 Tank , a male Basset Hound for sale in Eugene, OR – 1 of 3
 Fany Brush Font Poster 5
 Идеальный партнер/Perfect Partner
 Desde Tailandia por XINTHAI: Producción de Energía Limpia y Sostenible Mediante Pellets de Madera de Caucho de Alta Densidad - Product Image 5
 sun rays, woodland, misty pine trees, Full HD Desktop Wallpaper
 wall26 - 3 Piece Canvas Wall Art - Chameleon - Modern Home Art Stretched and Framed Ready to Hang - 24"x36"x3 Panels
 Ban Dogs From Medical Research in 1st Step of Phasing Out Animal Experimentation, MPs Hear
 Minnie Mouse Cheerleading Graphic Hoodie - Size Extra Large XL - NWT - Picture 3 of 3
+---+
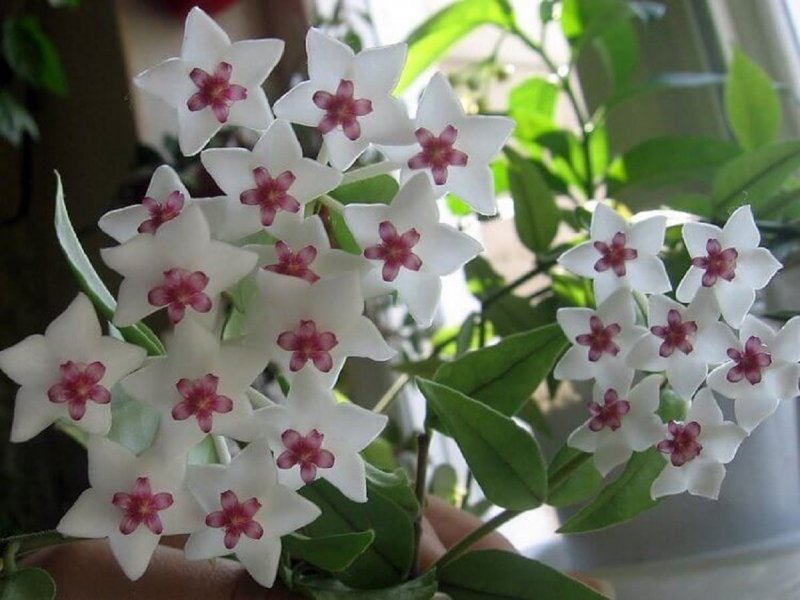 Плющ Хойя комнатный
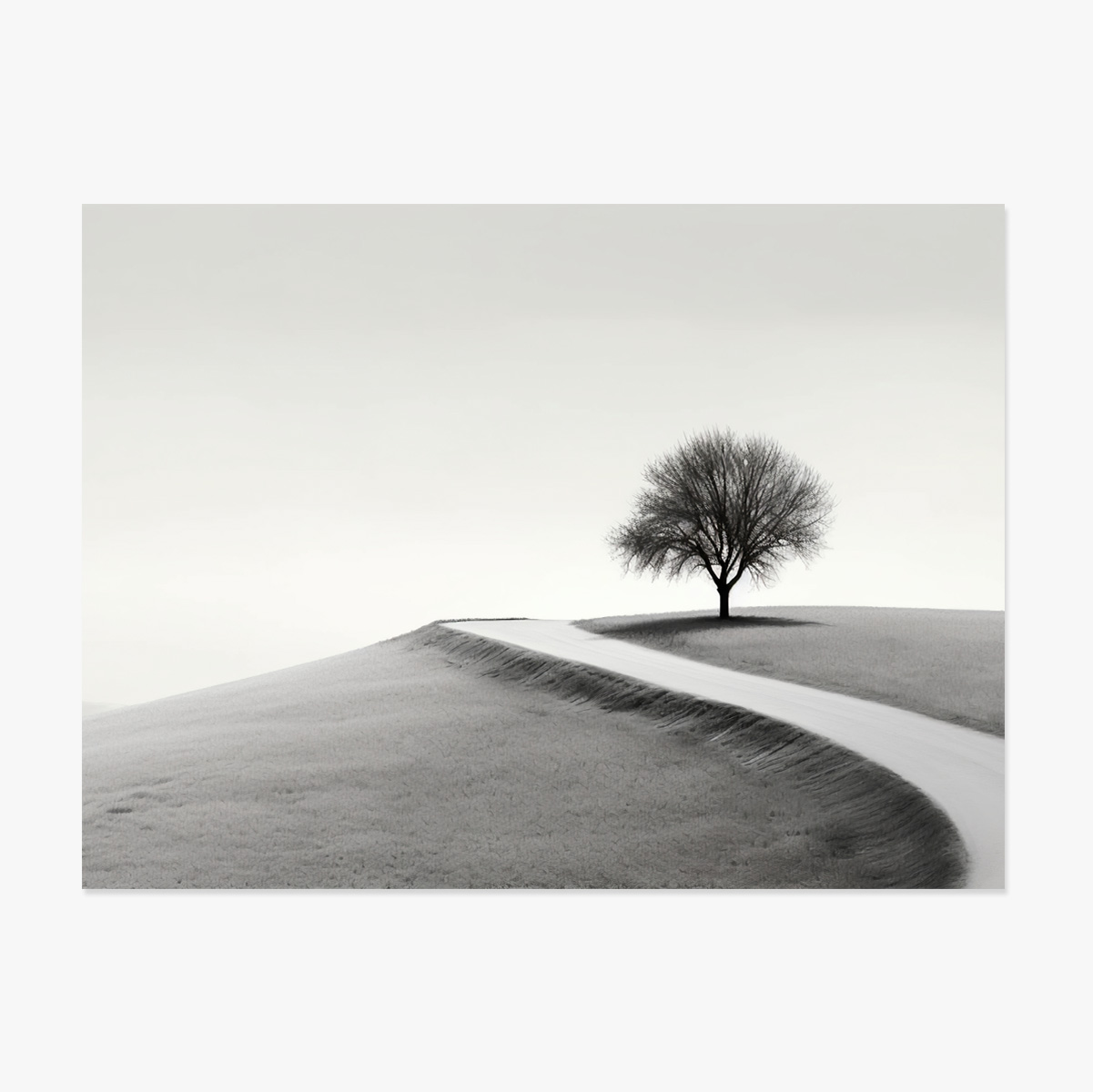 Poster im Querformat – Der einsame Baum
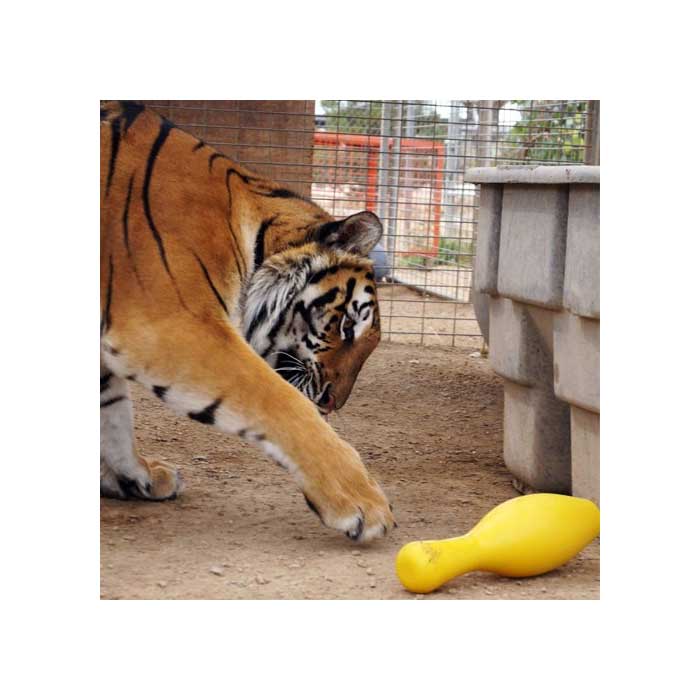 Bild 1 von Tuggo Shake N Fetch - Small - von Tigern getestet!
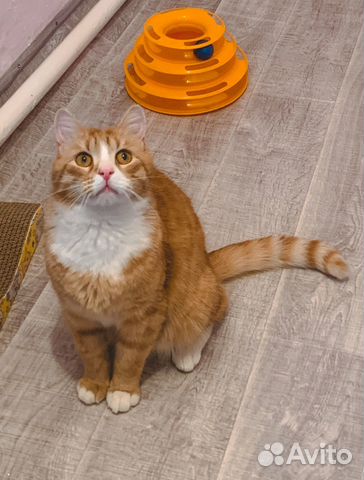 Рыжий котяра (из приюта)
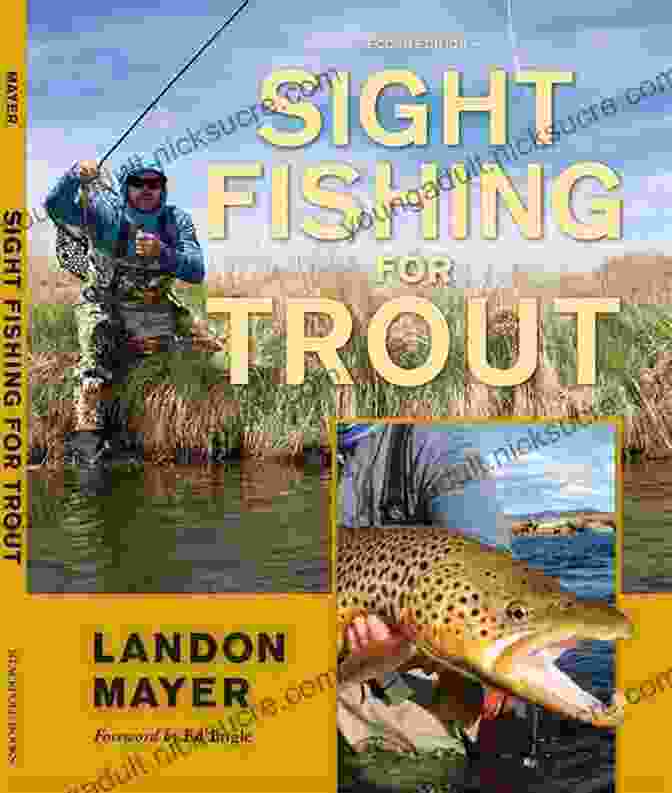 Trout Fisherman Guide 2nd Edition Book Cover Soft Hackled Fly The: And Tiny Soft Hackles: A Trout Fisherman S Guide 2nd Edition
+---+
* [Your assignment]:
Start with the line with "Плющ Хойя комнатный" in the listing above and stop after the line with "Trout Fisherman Guide". Write out exactly the lines in that stretch and no others, without pictures.

* [Written response]:
 Плющ Хойя комнатный
 Poster im Querformat – Der einsame Baum
 Bild 1 von Tuggo Shake N Fetch - Small - von Tigern getestet!
 Рыжий котяра (из приюта)
 Trout Fisherman Guide 2nd Edition Book Cover Soft Hackled Fly The: And Tiny Soft Hackles: A Trout Fisherman S Guide 2nd Edition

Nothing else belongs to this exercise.